Tips for talking about mental health disorders and disabilities
Sarah Austin | Lifestyle Editor
One of the hardest things when struggling with mental illnesses or disabilities can be telling others about it. Disclosing one’s mental health status is important to medical professionals and potential employers for a plethora of reasons and can even reduce stress levels, according to the National Alliance on Mental Illness. Here are some tips to make others aware of an illness or disability while maintaining comfort.
- Who should be told. Make a list of people who do not already know about the status of one’s mental health. Ensure that they are trustworthy and free of judgment. Opening up to these people should feel like a breath of fresh air once done.
- Determine the appropriate time and place. If the disorder or disability hinders the ability to work for any reason, informing an employer is a must. On the other hand, telling a random person at the grocery store is not necessary ⏤ unless assistance is needed. Add these people to the list, as they can help prevent anxiety-filled situations or episodes by knowing beforehand.
- What to tell them. Plan what one would like to be disclosed; for example, if I were disclosing my bipolar disorder to a friend I would let them know what moods to expect from me when I am having an episode and how long the episodes may last. Feel free to also share positive experiences that have happened as a result, such as something it helps with or experiences created by it. Planning what information to tell the person beforehand can reduce stress.
- Suggest support options. Depending on the relationship to the person being told, let them know what could be needed from them. Here are some examples of what this can look like for:
- A significant other: “When I am in an episode, it would help if you gave me physical space. I get triggered when I feel this way and am touched.”

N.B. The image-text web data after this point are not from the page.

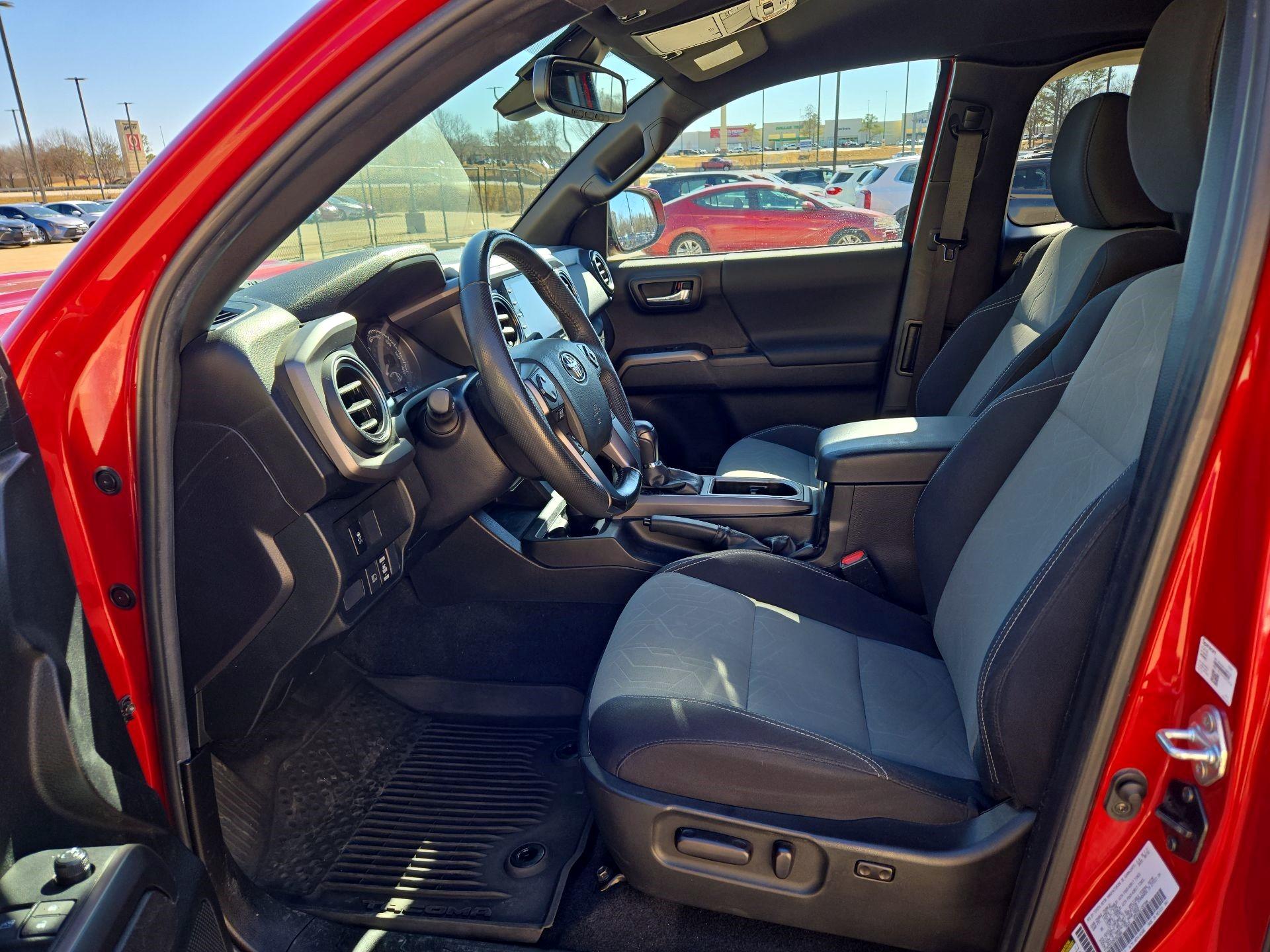 Thumbnail: 2022 Toyota Tacoma - 9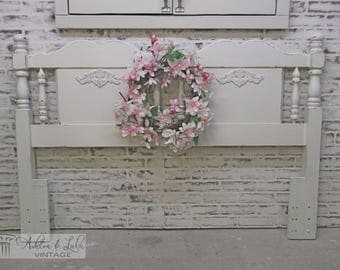 Queen Headboard, Distressed White Cottage Style - Chic BD301 Shabby Farmhouse Chic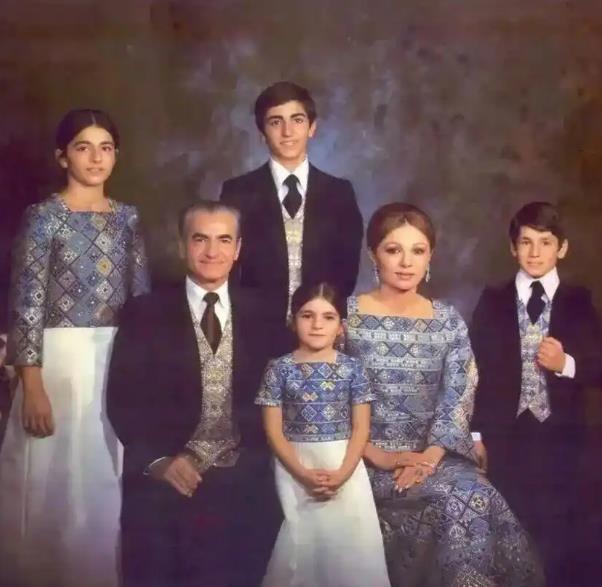 伊朗末代王后法拉赫・巴列维，出身优渥，赴巴黎学建筑时与伊朗国王相识，1959 年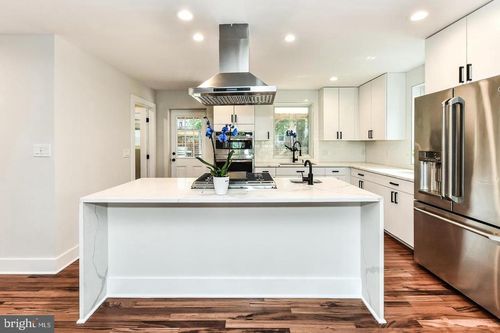 5311 Roosevelt St, BETHESDA, MD, 20814-1431 | Card Image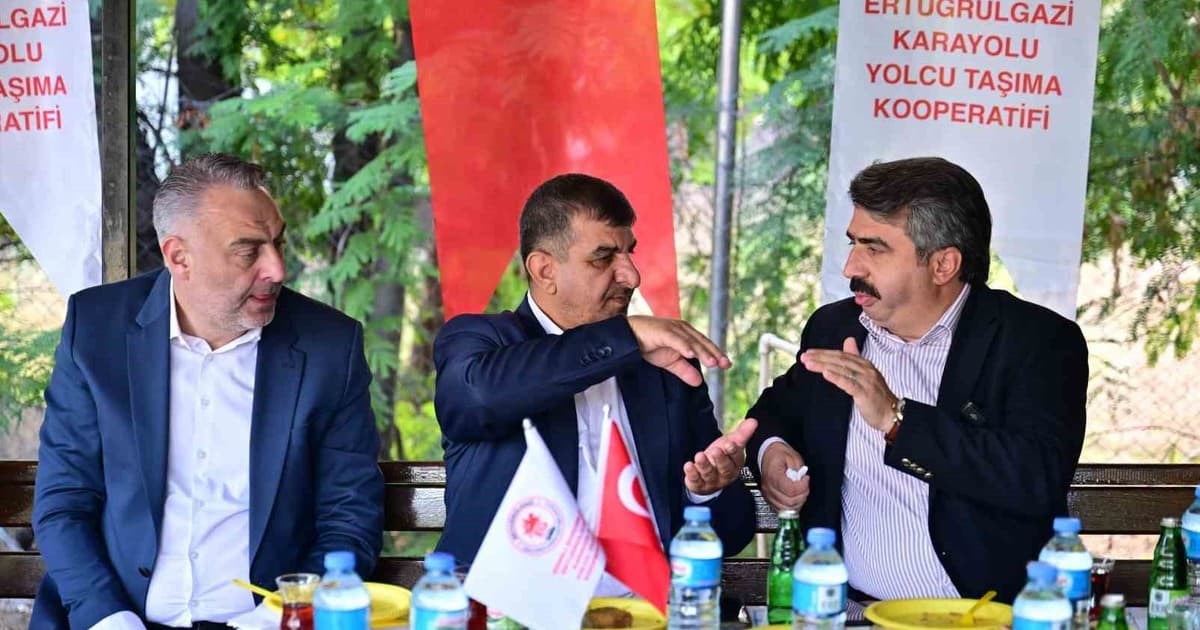 Başkan Oktay Yılmaz Ertuğrulgazi'de Şoför Esnafıyla Bir Araya Geldi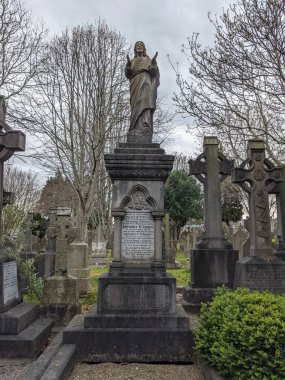 Glasnevin Mezarlığı, İrlanda 'nın en büyük mezarlığı.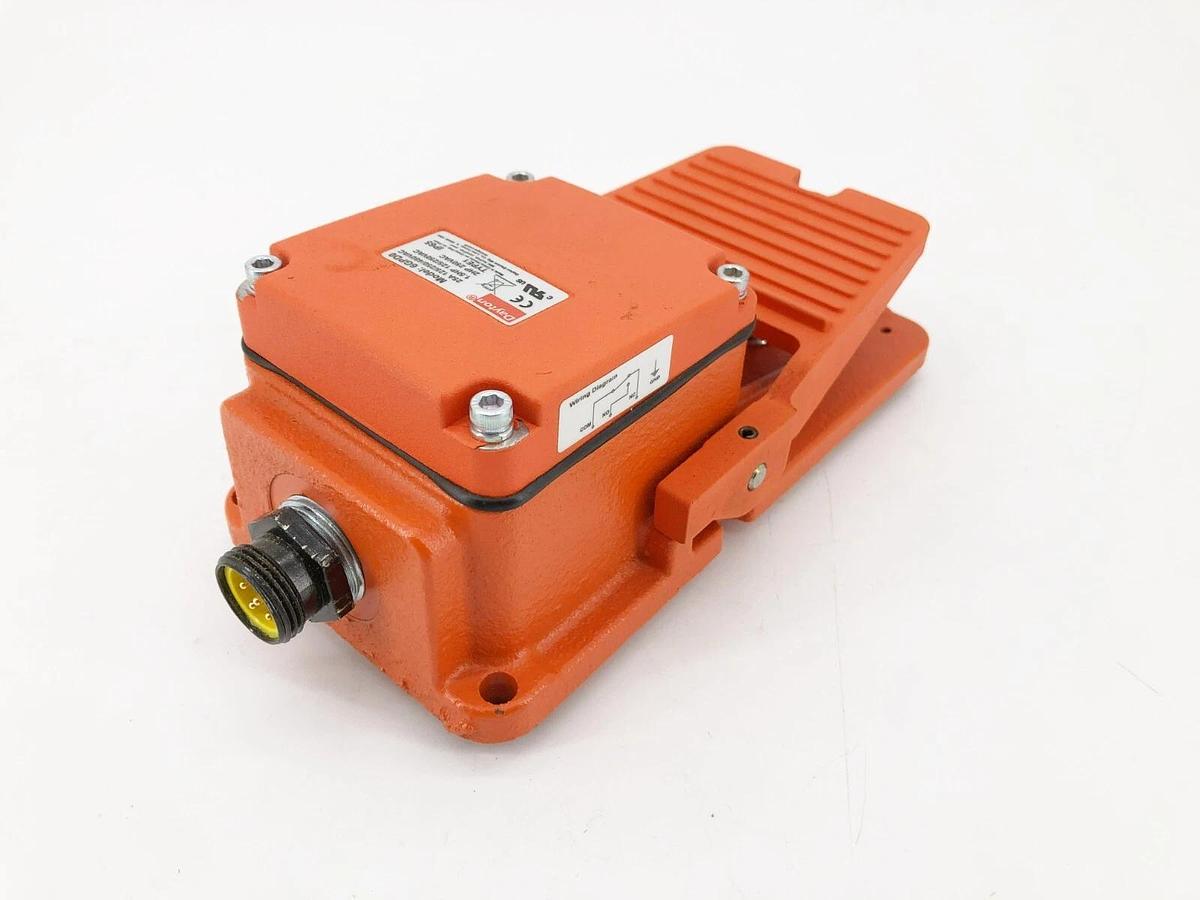 New Dayton 6GPD0 Type 1 Foot Switch Momentary 25A 125/250/480VAC 2HP 250VAC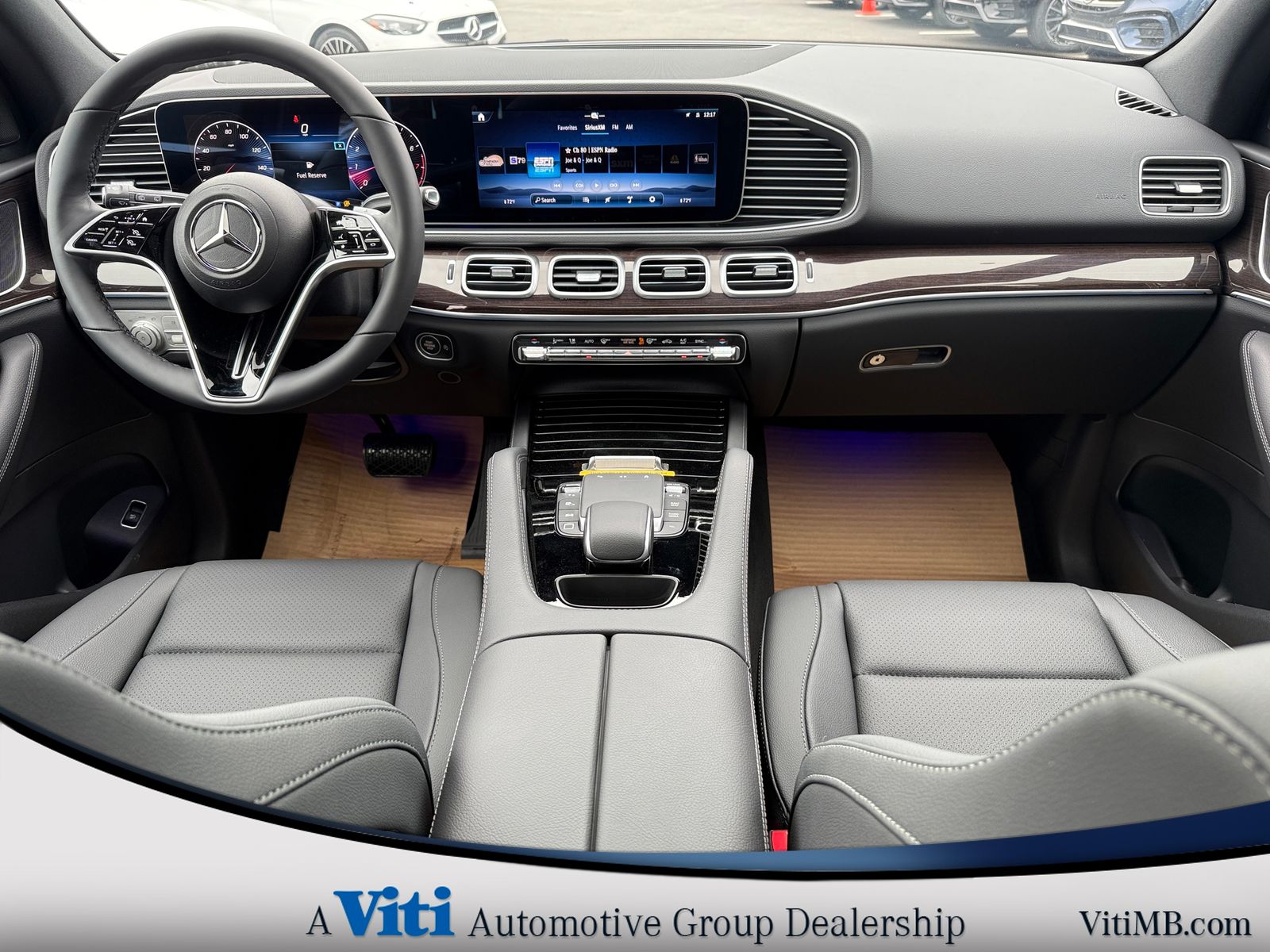 2025 Mercedes Benz GLE 350 4MATIC photo 2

- A friend at the bar: “I’m on medication and am not supposed to drink. Can you be there for me and encourage me so I feel like I still belong?”
- A parent: “I know I need help but making appointments causes anxiety for me, can you help?”
- An employer: “Some days my mental illness affects me in strange ways. If I am doing something wrong or make you uncomfortable, can you let me know instead of reacting right away?”
Remember, disclosing personal information about a mental illness or disability is always the choice of the person affected.
In times of crisis, reach out for help. The National Alliance on Mental Illness has a free hotline open 24 hours a day at 800-950-6264.